Dito Montiel’s A GUIDE TO RECOGNIZING YOUR SAINTS, a coming-of-age drama inspired by Montiel's
mid-eighties youth in Astoria, Queens, exudes the rawness and authenticity of the classic urban
dramas. Based on his memoir of the same name, GUIDE won both the Dramatic Directing Award and a
Special Jury Award for Best Ensemble Performance at the 2006 Sundance Film Festival. Shot on a
shoestring budget by first-time director, the film features exceptional performances by Robert
Downey Jr., Chazz Palmenteri, Dianne Wiest, Rosario Dawson, and Shia LaBeouf, as well as a breakout
turn by Channing Tatum.
Montiel, the son of a Nicaraguan immigrant and an Irish mother, was a kid "from nowhere going nowhere," as
he wrote in his memoir.
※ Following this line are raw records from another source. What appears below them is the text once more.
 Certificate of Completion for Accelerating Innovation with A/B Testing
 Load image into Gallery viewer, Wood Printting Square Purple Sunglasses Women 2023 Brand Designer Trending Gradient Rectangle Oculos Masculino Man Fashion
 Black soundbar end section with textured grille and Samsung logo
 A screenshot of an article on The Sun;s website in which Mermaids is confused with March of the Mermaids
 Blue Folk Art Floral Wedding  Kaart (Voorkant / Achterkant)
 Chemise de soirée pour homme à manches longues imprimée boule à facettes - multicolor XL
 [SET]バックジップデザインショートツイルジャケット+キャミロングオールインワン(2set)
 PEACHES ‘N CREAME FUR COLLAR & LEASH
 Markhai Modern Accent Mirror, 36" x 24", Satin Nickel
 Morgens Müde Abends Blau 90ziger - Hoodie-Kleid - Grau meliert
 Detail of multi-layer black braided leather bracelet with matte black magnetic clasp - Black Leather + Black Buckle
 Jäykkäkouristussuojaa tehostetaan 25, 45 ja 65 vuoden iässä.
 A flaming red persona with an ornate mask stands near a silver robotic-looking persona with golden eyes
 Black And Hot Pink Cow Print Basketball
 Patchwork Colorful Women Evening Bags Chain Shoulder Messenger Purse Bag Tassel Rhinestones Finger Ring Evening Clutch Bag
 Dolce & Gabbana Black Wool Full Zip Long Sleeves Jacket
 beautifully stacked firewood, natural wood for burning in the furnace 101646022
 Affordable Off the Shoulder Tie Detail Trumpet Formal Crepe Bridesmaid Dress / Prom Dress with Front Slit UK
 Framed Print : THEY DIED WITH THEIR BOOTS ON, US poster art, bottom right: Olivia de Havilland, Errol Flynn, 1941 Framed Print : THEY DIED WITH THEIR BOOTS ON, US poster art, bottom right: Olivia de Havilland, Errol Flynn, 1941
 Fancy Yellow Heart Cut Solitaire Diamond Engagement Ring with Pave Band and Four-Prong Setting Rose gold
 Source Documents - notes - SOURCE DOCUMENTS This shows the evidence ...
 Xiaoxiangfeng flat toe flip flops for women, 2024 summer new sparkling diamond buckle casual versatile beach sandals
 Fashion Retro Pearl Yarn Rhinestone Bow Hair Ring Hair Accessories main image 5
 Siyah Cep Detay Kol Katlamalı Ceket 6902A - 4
Growing up in Astoria, Queens in the seventies, he pulled pranks for
Greek and Italian gangsters, confessed at the Church of the Immaculate Conception, took furtive
hits of mescaline, and snuck into Times Square brothels. As a young adult, he discovered the grit
and grime of Lower Manhattan back when it still felt authentic, formed a punk band called
Gutterboy (signed to Geffen for the then unheard of sum of one million dollars), and was
himself discovered by the city’s vibrant underground culture. Rather than recount bit-by-bit the
events detailed in his memoir, Montiel has distilled and transformed his own source material into an
evocative mood piece that ranks as one of the more indelible accounts of New York City street life in years.